Nawel from “Jeux d’épices et Saveurs” is proud to share the recipe of  “Artichoke, fava beans and dry tomatoes stir fry” , which will be featured next month in a French magazine. As her recipe was in French, the translation has been provided below the picture :

Ingredients for  4 servings
1 shallot
2 cloves garlic
280 g peeled frozen fava beans
4-5 frozen artichoke hearts
130 g chickpeas
5 sun-dried tomatoes in olive oil
1 tsp cumin powder
½ tsp strong or mild paprika
½ bunch chopped fresh cilantro
2 tbsp chopped parsley
2 ½  tbsp olive oil
100 ml water
Salt and pepper
Method:
Cut artichoke hearts into quarters. Cut the sun-dried tomatoes in three.
Peel the shallot and chop it finely. Peel the garlic cloves and crush them.
Heat the olive oil in a pan, on low heat and add the shallot.
Fry for 1 minute. Add the artichokes, beans, chickpeas, sun-dried tomatoes, herbs, salt and pepper.
Stir and simmer for 5 minutes, stirring regularly.
Add the cold water, stir and add the spices.
Cover and simmer over low heat for 10 more minutes.

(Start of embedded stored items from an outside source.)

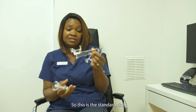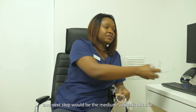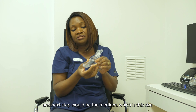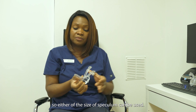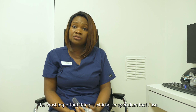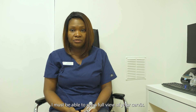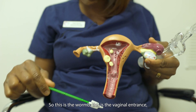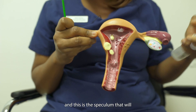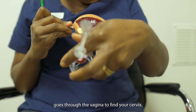So this is the standard size, and the next size would be the medium. Alternatively, this is the virgin speculum. Either size of speculum can be used. The most important thing is that whichever speculum I use, I must be able to see a full view of your cervix. This is the womb, this is the vaginal entrance, and this is the speculum that goes through the vagina to find your cervix.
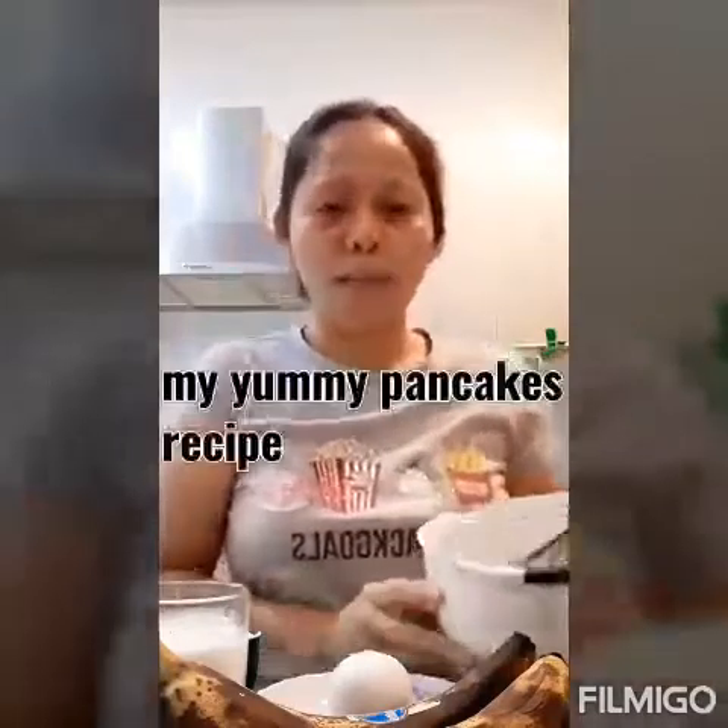Hello guys, good morning! I will make pancakes — this is my recipe. I prepared one bowl and a wire whisk. The ingredients are: two bananas, one egg, one cup of milk, one cup of all-purpose flour, one teaspoon of baking powder, and one teaspoon of vanilla powder or vanilla essence.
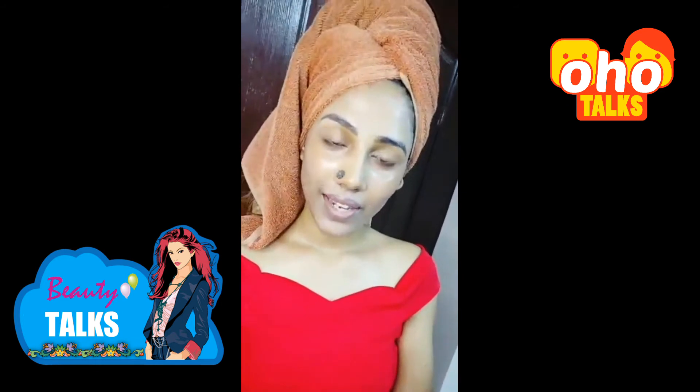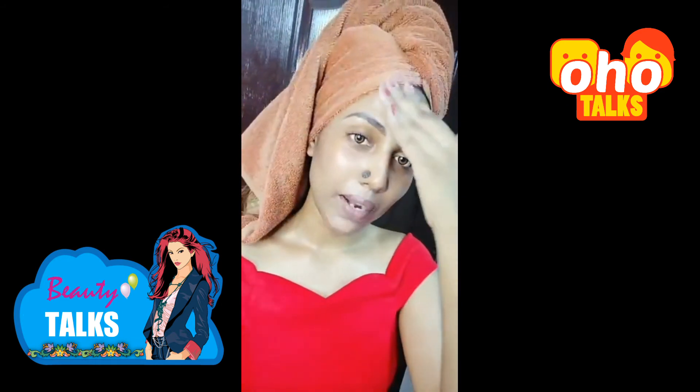I'm done! Thank you so much for watching this video. If you have any doubts, do comment below. Bye bye!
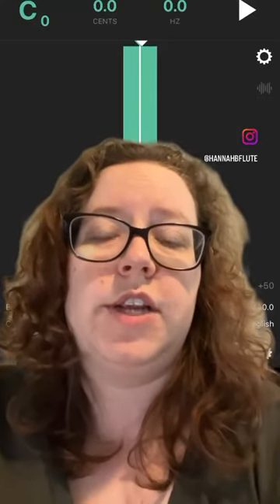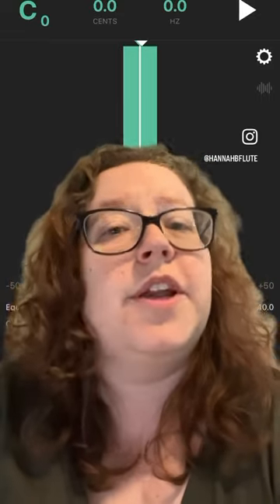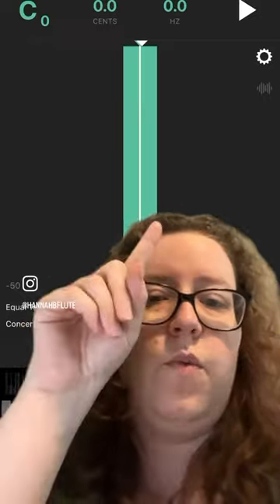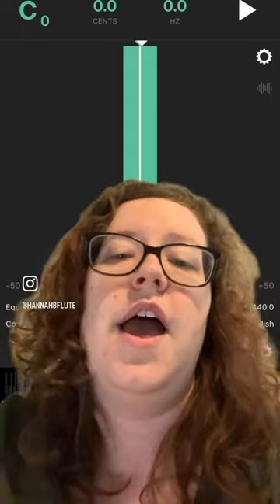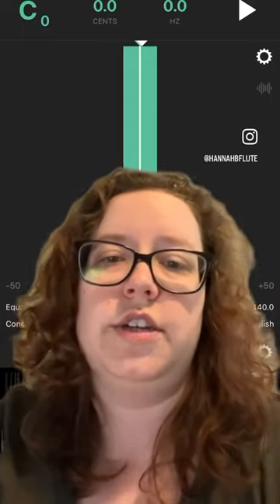Are you looking for a good metronome app for your phone or iPad? I recommend using Tunable. This line will wiggle left and right to show you when you are flat or sharp, and it'll show you how off you are so you can work on getting your intonation right on.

And finally, voilà your Sweet Artichoke’s artichoke recipes….

An artichoke and chickpeas curry, that can be eaten cold as salad, which is really great when you have left overs… (here)

… a rather unusual way of eating artichokes, as filling for these savoury hazelnut sandwich cookies (here)

and,  from Sweet Artichoke’s archives:

I had celebrated my 100th post with an artichoke tapenade, which was also my first posted recipe with artichokes!

I did not come back from our trip to Roma with designer shoes or clothes, but with fresh Roman artichokes, bought at one of the local market… delicious in these pasta ai carciofi (here)

By now, I do hope that you are feeling hungry…. and tempted by these goodies….

It is my pleasure to announce the lucky winners of the two books:

*drums rolling….*

I first prepared an alphabetical list of all participants:

Then I went on http://www.randomizer.org:

which drew number 11 and number 8.

Congratulations to Vijitha and Priya!